Wednesday, January 14, 2009

A short review


Wednesday, January 14, 2009

A friend loaned me The Last Templar by Raymond Khoury. She told me it was her favorite mystery novel.

I found it to be kind of routine. Written in 2005, it is one of those books that tries to hook onto the popularity of The Da Vinci Code.

The plot begins with the spectacular robbery of a display of the never-before-seen treasures of the Vatican. It continues from there with a long chase to find what turns out to be a lost codex. That codex, if it is authentic, would invalidate the basis of orthodox Christian faith, the belief in the resurrection and divinity of Jesus.
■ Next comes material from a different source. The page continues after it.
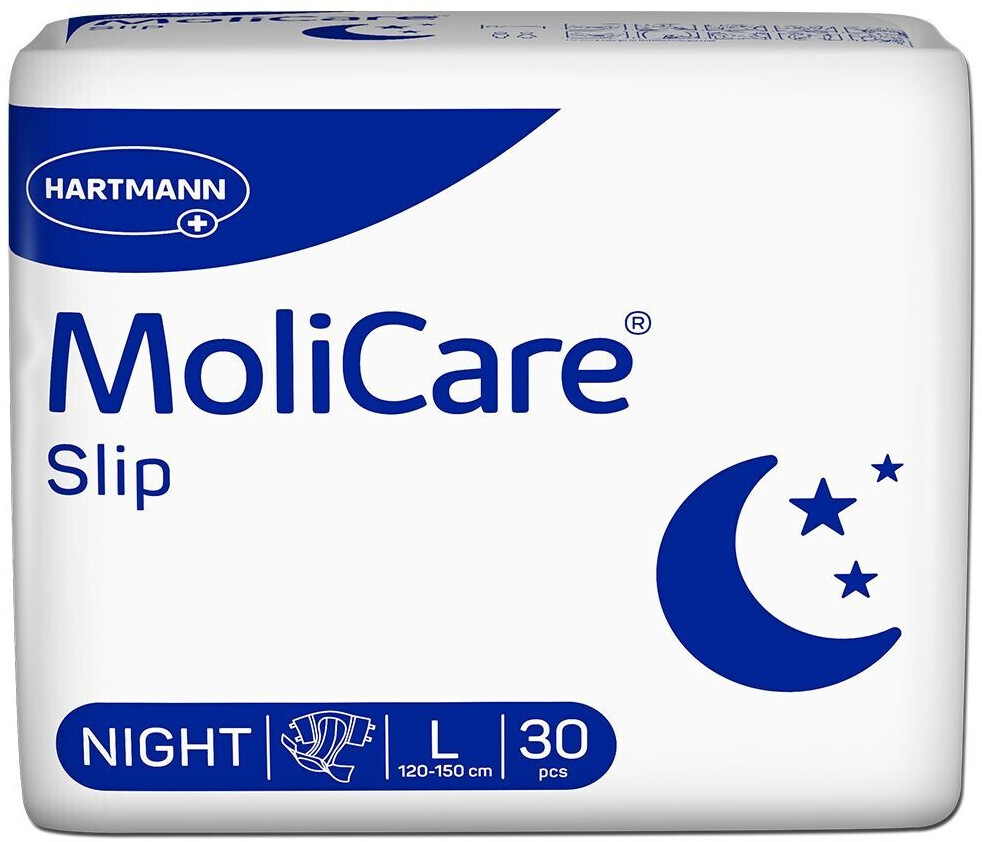 Hartmann MoliCare Slip Night L (30 pcs.)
The book ends with an interesting twist.

I'm always intrigued by what novel writers claim most people don't know. In this book, chapters 67 and 68 contain an explanation of things which I think are relatively common knowledge. One of the villains explains that the four gospels were written a generation after the death of Jesus, that they were chosen for the Bible from among a whole host of choices, and that much of what Christians believe is doctrine actually came out of internecine fighting in the church. He says those church doctrines were set in stone at Nicaea.

Supposedly those claims undermine one of the main character's faith.

In the end, the two main characters have to decide what to do with the codex if they find it. After all, it is a threat to all the faith.

If you like mystery novels with a lot of religious-based action (this one climaxes at sea in one whopper of a storm), you should really enjoy this book. Otherwise, it seemed kind of silly to me.